People in places as far as Hartford, Connecticut, Prague, Halifax, Nova Scotia were building steam carriages. But it was in England that saw a sudden boom of steam powered machinery the need for steam powered and mechanical transportation that arise because of Napoleonic wars. With more machines meant better roads. Two geniuses Telford and Macadom revolutionized road building methods and within a short time built beautiful roads for coaching across England. By 1820 it seemed every engineer in England had taken to build steam powered coaches, not for individual ownership but to carry paying passengers.
James Anderson, Scott Russell, Maceroni Squire  and the like were the engineers at work.

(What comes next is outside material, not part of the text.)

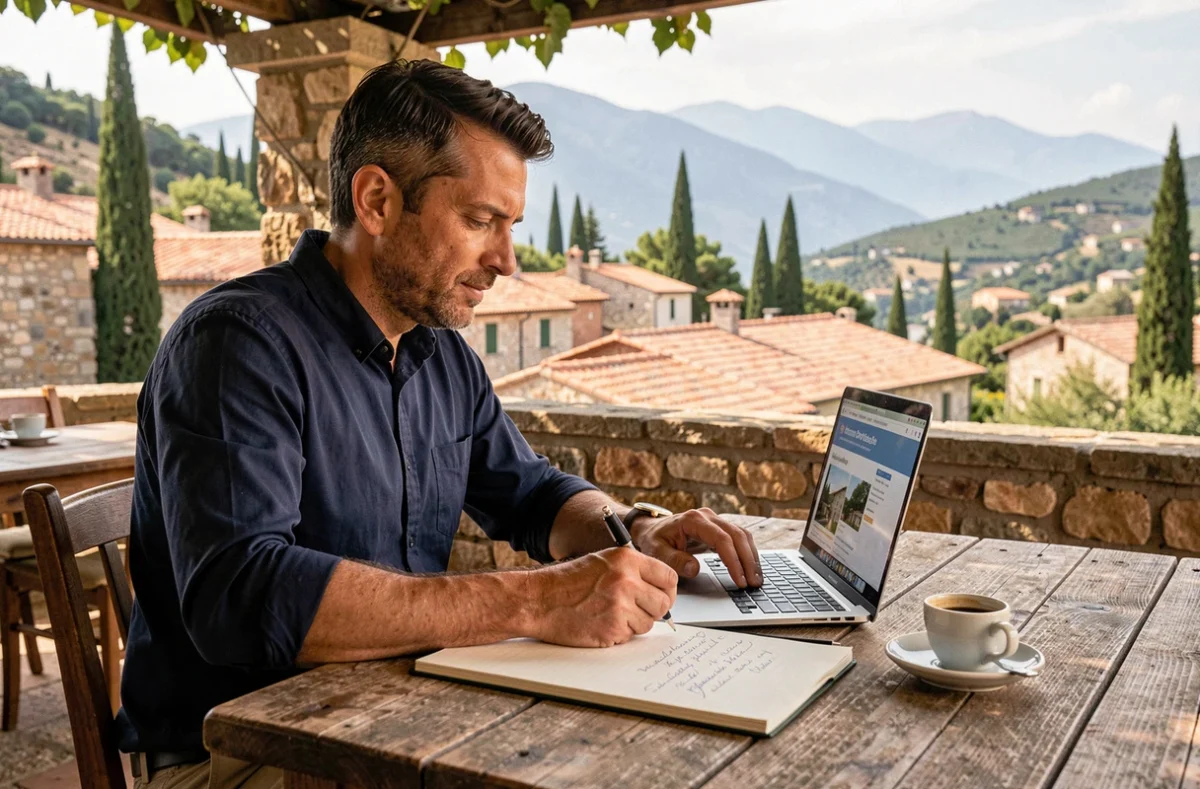 Homme préparant sa stratégie de négociation pour acheter une maison en Corse du Sud sur une terrasse avec vue sur le village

But it was Gordon who convinced that mere wheels to push a carriage was a more impractical form of mechanical locomotion. He designed a carriage with six steam powered legs and feet to stand. In 1827, the famous Goldsworthy Gurney, whose steam buses were most successful also had similar legs and feet. It could carry 21 passengers, had a water tube boiler and was fitted with separators to ensure dry steam to the cylinder. If worked efficiently it could be seen chuffing at 15miles/hour in the streets of London.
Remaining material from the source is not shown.